▶ _Problem to solve_
Transcribe all records, preserving every character.

▶ _Supplied data_
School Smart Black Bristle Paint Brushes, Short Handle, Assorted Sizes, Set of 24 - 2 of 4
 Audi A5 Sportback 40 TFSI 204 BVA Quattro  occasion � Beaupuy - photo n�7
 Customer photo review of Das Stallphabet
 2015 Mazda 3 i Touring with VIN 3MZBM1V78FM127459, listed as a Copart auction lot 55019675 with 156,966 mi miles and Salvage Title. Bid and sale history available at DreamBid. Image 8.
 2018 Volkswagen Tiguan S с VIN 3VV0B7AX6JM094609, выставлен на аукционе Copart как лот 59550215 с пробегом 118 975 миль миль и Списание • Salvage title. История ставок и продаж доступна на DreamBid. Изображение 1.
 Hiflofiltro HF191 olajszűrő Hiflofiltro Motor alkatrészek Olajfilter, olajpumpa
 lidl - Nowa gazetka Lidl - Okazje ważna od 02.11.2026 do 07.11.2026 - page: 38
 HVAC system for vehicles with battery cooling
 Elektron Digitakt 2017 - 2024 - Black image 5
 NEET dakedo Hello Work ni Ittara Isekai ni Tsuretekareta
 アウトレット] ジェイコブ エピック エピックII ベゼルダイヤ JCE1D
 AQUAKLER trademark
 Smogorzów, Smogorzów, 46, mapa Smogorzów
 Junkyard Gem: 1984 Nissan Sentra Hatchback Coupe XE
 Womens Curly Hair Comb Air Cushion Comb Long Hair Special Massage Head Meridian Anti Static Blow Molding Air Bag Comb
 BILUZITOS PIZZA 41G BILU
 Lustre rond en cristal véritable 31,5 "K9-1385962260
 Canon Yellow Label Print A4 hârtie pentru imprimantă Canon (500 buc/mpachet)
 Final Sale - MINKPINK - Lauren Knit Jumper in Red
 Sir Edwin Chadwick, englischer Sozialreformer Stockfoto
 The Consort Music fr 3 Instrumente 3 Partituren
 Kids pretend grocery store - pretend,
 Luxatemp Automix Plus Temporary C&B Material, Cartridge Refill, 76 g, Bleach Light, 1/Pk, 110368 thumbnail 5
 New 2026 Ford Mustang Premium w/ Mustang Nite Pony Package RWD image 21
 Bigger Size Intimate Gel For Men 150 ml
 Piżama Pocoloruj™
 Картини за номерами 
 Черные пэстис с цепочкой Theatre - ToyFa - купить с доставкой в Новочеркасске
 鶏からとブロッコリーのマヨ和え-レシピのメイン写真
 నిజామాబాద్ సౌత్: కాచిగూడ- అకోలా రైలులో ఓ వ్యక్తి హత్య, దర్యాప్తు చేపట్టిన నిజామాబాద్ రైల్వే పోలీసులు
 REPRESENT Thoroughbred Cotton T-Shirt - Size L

▶ _Written response_
School Smart Black Bristle Paint Brushes, Short Handle, Assorted Sizes, Set of 24 - 2 of 4
 Audi A5 Sportback 40 TFSI 204 BVA Quattro  occasion � Beaupuy - photo n�7
 Customer photo review of Das Stallphabet
 2015 Mazda 3 i Touring with VIN 3MZBM1V78FM127459, listed as a Copart auction lot 55019675 with 156,966 mi miles and Salvage Title. Bid and sale history available at DreamBid. Image 8.
 2018 Volkswagen Tiguan S с VIN 3VV0B7AX6JM094609, выставлен на аукционе Copart как лот 59550215 с пробегом 118 975 миль миль и Списание • Salvage title. История ставок и продаж доступна на DreamBid. Изображение 1.
 Hiflofiltro HF191 olajszűrő Hiflofiltro Motor alkatrészek Olajfilter, olajpumpa
 lidl - Nowa gazetka Lidl - Okazje ważna od 02.11.2026 do 07.11.2026 - page: 38
 HVAC system for vehicles with battery cooling
 Elektron Digitakt 2017 - 2024 - Black image 5
 NEET dakedo Hello Work ni Ittara Isekai ni Tsuretekareta
 アウトレット] ジェイコブ エピック エピックII ベゼルダイヤ JCE1D
 AQUAKLER trademark
 Smogorzów, Smogorzów, 46, mapa Smogorzów
 Junkyard Gem: 1984 Nissan Sentra Hatchback Coupe XE
 Womens Curly Hair Comb Air Cushion Comb Long Hair Special Massage Head Meridian Anti Static Blow Molding Air Bag Comb
 BILUZITOS PIZZA 41G BILU
 Lustre rond en cristal véritable 31,5 "K9-1385962260
 Canon Yellow Label Print A4 hârtie pentru imprimantă Canon (500 buc/mpachet)
 Final Sale - MINKPINK - Lauren Knit Jumper in Red
 Sir Edwin Chadwick, englischer Sozialreformer Stockfoto
 The Consort Music fr 3 Instrumente 3 Partituren
 Kids pretend grocery store - pretend,
 Luxatemp Automix Plus Temporary C&B Material, Cartridge Refill, 76 g, Bleach Light, 1/Pk, 110368 thumbnail 5
 New 2026 Ford Mustang Premium w/ Mustang Nite Pony Package RWD image 21
 Bigger Size Intimate Gel For Men 150 ml
 Piżama Pocoloruj™
 Картини за номерами 
 Черные пэстис с цепочкой Theatre - ToyFa - купить с доставкой в Новочеркасске
 鶏からとブロッコリーのマヨ和え-レシピのメイン写真
 నిజామాబాద్ సౌత్: కాచిగూడ- అకోలా రైలులో ఓ వ్యక్తి హత్య, దర్యాప్తు చేపట్టిన నిజామాబాద్ రైల్వే పోలీసులు
 REPRESENT Thoroughbred Cotton T-Shirt - Size L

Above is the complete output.